LOS ANGELES (AP) — Southern California Gas Co. on Wednesday agreed to speed up the relocation of residents affected by a now 2-month-old gas leak in Los Angeles.
Under an agreement approved by a county judge, the utility has agreed to pay for up to three retired judges to oversee the ongoing relocation and for security to protect residents’ empty homes.
The agreement comes after the city attorney’s office sought a court order to accelerate the relocation process.
The leak was discovered Oct. 23 at a Southern California gas facility in the Porter Ranch area of Los Angeles. It already has forced the company to relocate thousands of residents who said the stench made them sick.
The well is spewing an estimated 1,200 tons of methane each day, or about a quarter of the state’s total output of climate-changing methane.
Forty-six residents have filed complaints about the relocation process, said Chief Deputy City Attorney Jim Clark.
Some of the residents say they’ve waited for weeks to be moved, while others have reported inadequate accommodations, including a family with an autistic son placed in a hotel room with one bed, Clark said.
He said an estimated 2,000 people still need to be relocated.
“Essentially, they (Southern California Gas) needed their feet held to the fire,” Clark said.
Southern California has said it will take three to four months to drill a secondary well that will be used to stop the gas leak.
In a statement Wednesday, Southern California said it was working to provide those affected with more “home-like” accommodations than hotel rooms, since they may not be able to return to their houses until late March.
Should residents decide to make their own arrangements, the company said it will reimburse them up to $250 per room per night, plus taxes and fees.
“Our goal is to reduce the burden on those who choose to temporarily relocate and get residents back into their homes as soon as we can,” Southern California said.
On Friday, Gov. Jerry Brown wrote Southern California Gas to note that the utility’s efforts to stop the leak had been insufficient and to say that he had directed state agencies to work with the California attorney general in investigating the causes of the leak, according to a copy of the letter released by the governor’s office.

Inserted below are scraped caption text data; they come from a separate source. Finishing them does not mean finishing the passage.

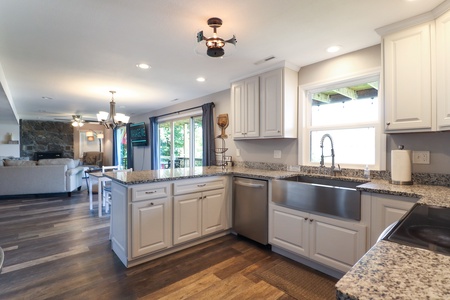 Fully Stocked Kitchen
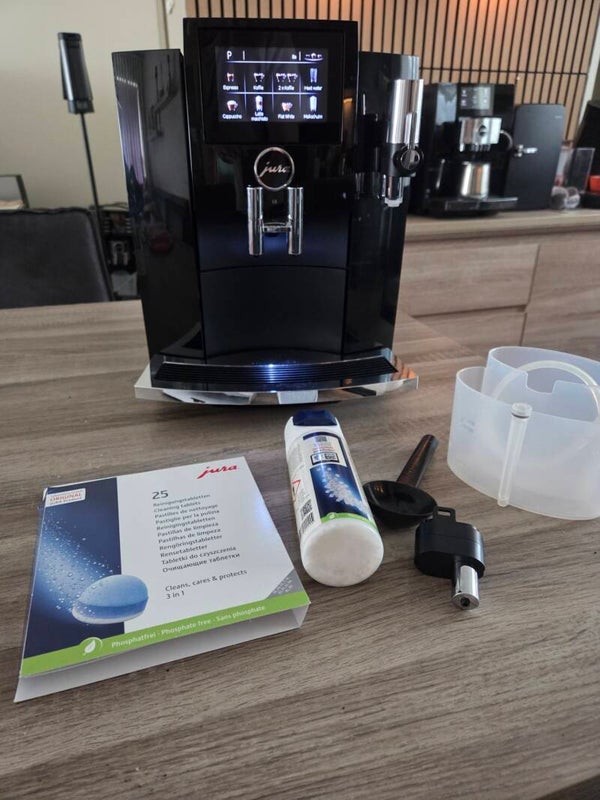 Jura S8 Piano Black (2022) | 5036 bereidingen! |  Bluetooth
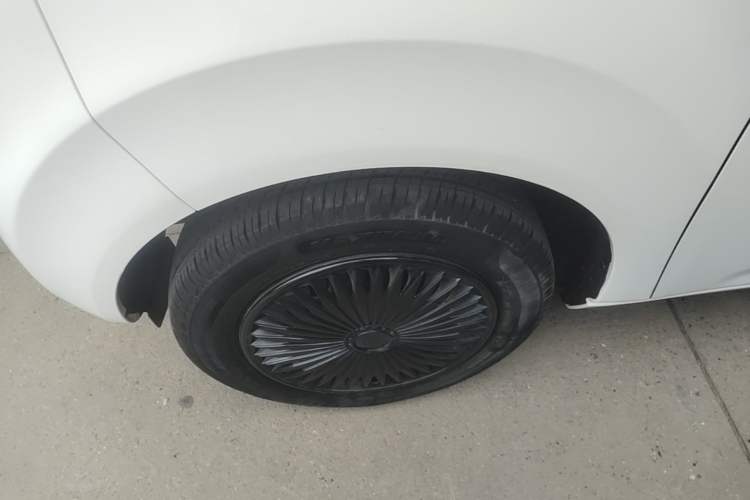 Used Geely Galaxy Panda 2024 Panda Mini 200km Endurance Bear Left Front Wheel Hub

Public health officials have said the leak is not a threat to public health, but hundreds of residents have complained of nausea, headaches, bloody noses and other maladies. The company and state officials say illnesses are caused by the foul-smelling additive that makes odorless natural gas detectable.
Los Angeles County and the city’s school board declared a state of emergency over the leak, with the board deciding to move students out of two schools in the affected neighborhood. The move begins after winter break and could last until June.